Freightways shares surged to another record yesterday after the express freight group said the strong economy would continue to underpin its profits.
Managing director Dean Bracewell, speaking to shareholders at Freightways' annual meeting in Auckland, said: "As at October, we have seen no sign of a trend that would suggest a slowdown in any area of our business."
He was confident full-year profit would exceed last year's $16.14 million profit.
The comments boosted Freightways' shares 15c to $2.85, taking returns to shareholders during the past year to well above 75 per cent.
Net profits for the four months to the end of October rose by more than two-fifths from $4.6 million to $6.5 million. Sales rose from $67.1 million to $74.8 million.
"You're all very sombre.
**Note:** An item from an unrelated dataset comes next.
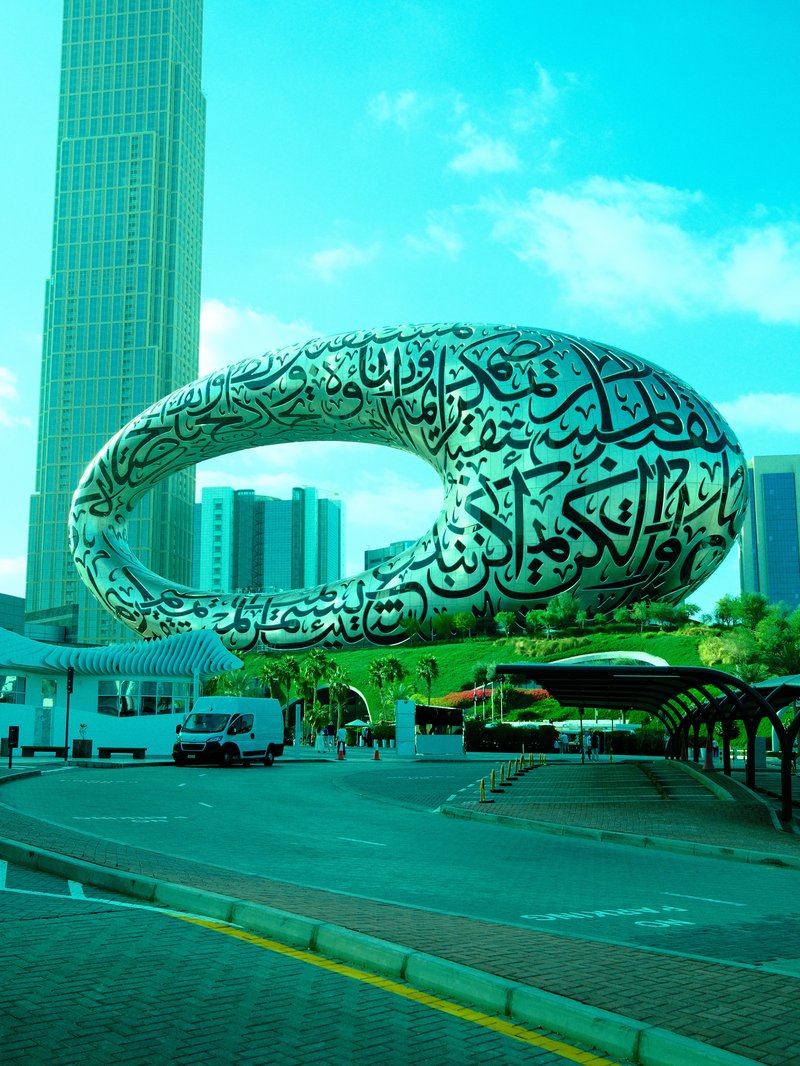 A large, modern sculpture with Arabic calligraphy, set against a city skyline.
I would have thought the trading update would have lightened the meeting," chairman Wayne Boyd told the 200 shareholders present.
Existing customers were sending more express freight, the company was increasing its market share and there had also been minor improvements in pricing and margins.
Freightways owns New Zealand Couriers, Castle Parcels, Poste Haste and Sub 60 couriers as well as business mail and information management businesses.
It is the kind of company the stock exchange would like more of because it has a profit record going back 40 years, a big share of its market, it generates a lot of cash and it needs little capital.
Shares were sold to the public in September last year for $1.60. In the 12 months since listing, gross dividend plus share price had appreciated, adding up to a 77.5 per cent gain, shareholders were told.
They then applauded the board and executives as well as re-electing two directors, reappointing the auditors and adopting a new constitution.
The chairman voted undirected proxies and the company adopted a constitution that changes to fit stock exchange rules without always having a shareholder vote. Both have been controversial at other meetings but yesterday held no complaints.
Shareholder Maurice Copeland rose to say he started a courier business 40 years ago that became Freightways. "We thought 12 courier drivers covering Auckland would carry the situation," he said. "The whole operation cost £500 to set up."
Freightways had had three changes of owner in two years before its private equity owner, ABN Amro Capital, sold down via the public share sale.
It got rapped by the Securities Commission for selling shares after six months, as was allowed in the small print of the prospectus, although a letter in the document said it would hold for 12 months.
But yesterday the company paid tribute to ABN Amro Capital director Michael Taranto, who attended the meeting.
Freightways has 6800 shareholders and 90 per cent are New Zealanders. The biggest institutional investor is Fisher Funds Management.
Bracewell said the company was continuing to explore complementary acquisitions after buying Archive Security this year.
He repeated that the company would like to look at NZ Post's courier assets if they were for sale.